Hacker News new | ask | show | jobs
by kylek 2456 days ago
Worked at a FAANG, 5-7 was peanuts for the rotation I was on there. The interesting thing (I don't know if I liked it or not) was that when you're on call, that's all you do (even during normal hours, that is), no "normal" work/projects during that time (which relieves a giant burden for everyone NOT on call). At the end of the rotation, there is a proper hand-off to the next on call; every issue that came up is reviewed and a plan put in place to fix it "for good" (meaning a backlog task gets created and assigned to someone during the next sprint planning). If there's no planning to root-cause and fix the underlying problems, run.
2 comments

This is super interesting. So you had a high number of pages, but then you also had a really clearly defined and sensible sounding way of dealing with the root causes of the pages?

If you're constantly fixing the things causing you to get pages, why are there still many more than one per day? Just prioritisation of other work over fixes?
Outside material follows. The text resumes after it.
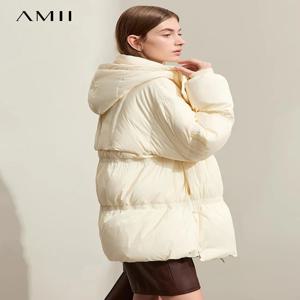 AMII 여성용 미니멀리스트 2023 다운 퍼퍼 코트, 두꺼운 퍼프 빵, 후드 하이 칼라, 레이디 롱 아우터, 겨울 신상 12324021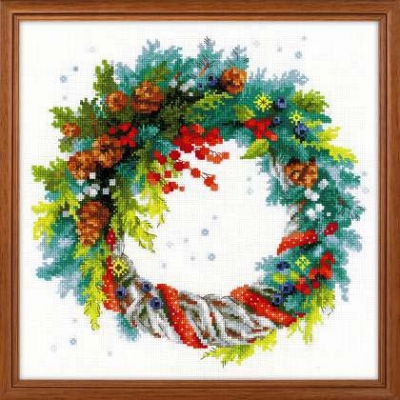 click here to view larger image of Wreath with Blue Spruce (counted cross stitch kit)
We have a similar system, though we have one person on after hours support doing normal work during the day, and one person during the day who doesn't do normal work. That person works on remediating the issues that cause people to get paged. Leads to a pretty low number of pages.

My rotation was a bit weird. I was on an ops team for a service, but my ops team did not have our own rotation- each of us took part in the various dev team rotations (the theory is nice, the ops team had a deep view of most aspects of the service. I don't think this was common to other service teams). The dev team I took part in was an absolute trainwreck. Poorly managed at the team level and one level above (the owners/managers of the service). More concerned with getting features out and burning through people to make progress. The issues were always brought up and root-caused properly, but poor architecture led to a lot of "well, we can't do that until x happens". I should reiterate that I'm no longer at the company - definitely wasn't the place for me (and my sanity)!
Thanks - I'm glad I got at least one reply of someone who's confirming that level of paging wasn't abnormally high to them.

When on primary on-call, we also are generally not expected to make progress on project work, although we don't have reviewing of all our incidents after our shift (generally just major ones.) I think there's definitely room for improvement here.